EXERCISE AIM: Restate the entire listing word for word.

RECORDED INFORMATION:
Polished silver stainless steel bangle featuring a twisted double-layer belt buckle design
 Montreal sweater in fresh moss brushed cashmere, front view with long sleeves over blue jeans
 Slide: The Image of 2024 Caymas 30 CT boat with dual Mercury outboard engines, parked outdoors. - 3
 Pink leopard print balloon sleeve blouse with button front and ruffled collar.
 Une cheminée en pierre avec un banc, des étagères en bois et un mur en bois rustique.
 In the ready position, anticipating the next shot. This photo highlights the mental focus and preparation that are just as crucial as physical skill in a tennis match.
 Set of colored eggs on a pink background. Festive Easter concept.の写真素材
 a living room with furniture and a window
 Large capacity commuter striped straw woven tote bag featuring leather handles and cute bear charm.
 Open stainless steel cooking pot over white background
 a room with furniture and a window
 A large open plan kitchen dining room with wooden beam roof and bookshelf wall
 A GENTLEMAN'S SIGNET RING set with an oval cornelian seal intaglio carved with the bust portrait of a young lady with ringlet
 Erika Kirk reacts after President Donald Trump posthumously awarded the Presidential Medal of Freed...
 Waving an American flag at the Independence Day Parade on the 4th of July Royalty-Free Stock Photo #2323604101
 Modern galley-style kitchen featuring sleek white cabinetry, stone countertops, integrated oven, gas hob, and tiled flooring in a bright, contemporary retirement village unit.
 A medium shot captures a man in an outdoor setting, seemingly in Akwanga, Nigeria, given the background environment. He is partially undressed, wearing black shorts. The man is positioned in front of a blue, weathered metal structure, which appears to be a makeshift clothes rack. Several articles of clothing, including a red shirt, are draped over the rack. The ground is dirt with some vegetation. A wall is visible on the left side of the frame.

EXERCISE SOLUTION:
Polished silver stainless steel bangle featuring a twisted double-layer belt buckle design
 Montreal sweater in fresh moss brushed cashmere, front view with long sleeves over blue jeans
 Slide: The Image of 2024 Caymas 30 CT boat with dual Mercury outboard engines, parked outdoors. - 3
 Pink leopard print balloon sleeve blouse with button front and ruffled collar.
 Une cheminée en pierre avec un banc, des étagères en bois et un mur en bois rustique.
 In the ready position, anticipating the next shot. This photo highlights the mental focus and preparation that are just as crucial as physical skill in a tennis match.
 Set of colored eggs on a pink background. Festive Easter concept.の写真素材
 a living room with furniture and a window
 Large capacity commuter striped straw woven tote bag featuring leather handles and cute bear charm.
 Open stainless steel cooking pot over white background
 a room with furniture and a window
 A large open plan kitchen dining room with wooden beam roof and bookshelf wall
 A GENTLEMAN'S SIGNET RING set with an oval cornelian seal intaglio carved with the bust portrait of a young lady with ringlet
 Erika Kirk reacts after President Donald Trump posthumously awarded the Presidential Medal of Freed...
 Waving an American flag at the Independence Day Parade on the 4th of July Royalty-Free Stock Photo #2323604101
 Modern galley-style kitchen featuring sleek white cabinetry, stone countertops, integrated oven, gas hob, and tiled flooring in a bright, contemporary retirement village unit.
 A medium shot captures a man in an outdoor setting, seemingly in Akwanga, Nigeria, given the background environment. He is partially undressed, wearing black shorts. The man is positioned in front of a blue, weathered metal structure, which appears to be a makeshift clothes rack. Several articles of clothing, including a red shirt, are draped over the rack. The ground is dirt with some vegetation. A wall is visible on the left side of the frame.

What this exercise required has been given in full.